Some want to be popular and care about appearances. Others want to feel they are in the smart group, the talented group, the funny group. So many feel, however, they are just ordinary and don’t know where they fit in.

But who is ordinary? What child could possibly be ordinary? It’s our job as parents to let each child know from infancy to childhood to adolescence that they are not and never will be ordinary.
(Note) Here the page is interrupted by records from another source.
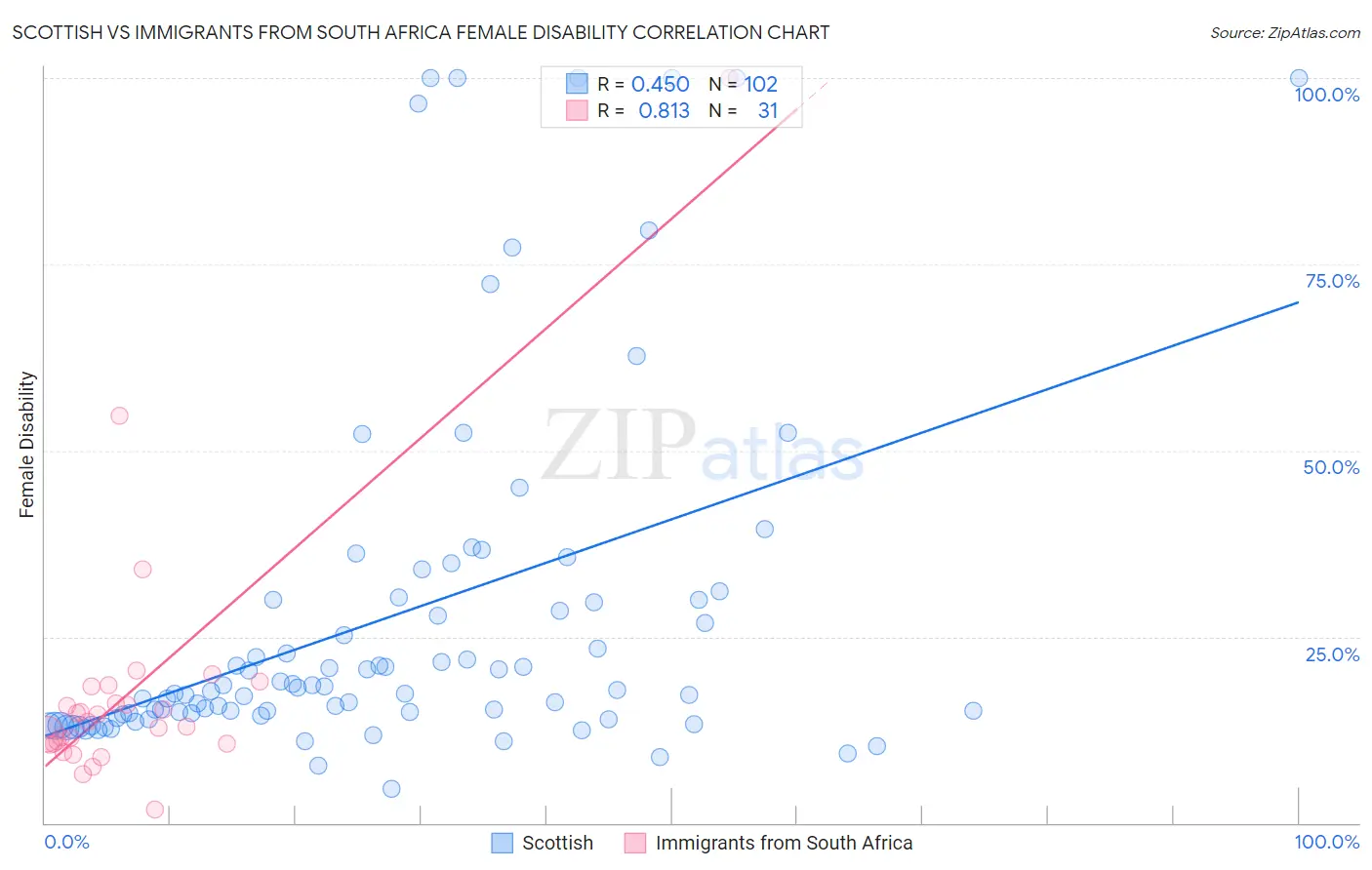 Scottish vs Immigrants from South Africa Female Disability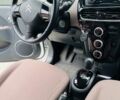 Ситроен С-Зеро, объемом двигателя 0 л и пробегом 11 тыс. км за 6400 $, фото 5 на Automoto.ua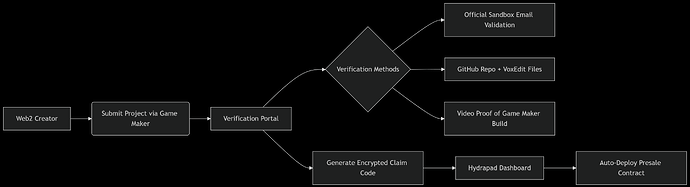 Hydrapad Verification System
 6 Tips on How to Let Your Child Know

that Different is Great & Self-Defining

Each child deep down feels their differences and needs to know that their differences help define them and make them unique and desirable. We need to find ways to let each child know how their differences matter, are appealing, and special.

 
1. Let your child know that you recognize his special interests and the way he goes about learning and enjoying them. These interests belong to him. He doesn’t have them because they make him fit in with others. He has them because they fit him.

 
2. Let your child know that you like the way she thinks things over. However she goes about making decisions, plans, chooses her particular way that works for her. It may not be the most organized procedure, or maybe it is quite technical, but it’s her way that works for her and you’ve noticed and appreciated it.

 
3. Let your child know that she or he picks out clothes that seem to design her or him. Sometimes she wants to look like everybody else and if that’s her way, then that’s the right choice. Other times, he may want to spark up his individuality and not care what others think. That’s his way of defining himself, experimenting, challenging who he is and that’s the right choice for then.

 

4. Appreciate the way your child speaks. Maybe he has a chatty manner. Maybe she’s curt and direct. Maybe he or she is different in voice tone and facial expression depending on what’s going on. Each child has their own voice not only with the words they choose, but the way they put their sentences together in their own particular rhythm. There’s nothing ordinary about that.

 

5. Point out to your child his or her special strengths. They may show up in aspects of being academic, social, athletic, and creative. Whatever the combination of attributes, they define your child in his or her unique way that certainly isn’t ordinary.

 

6. Maybe your child likes to be surrounded by lots of people some of the time and maybe your child is more of a solitary one at times. There are all kinds of mixtures of friendliness and quietness but each person has their own styles.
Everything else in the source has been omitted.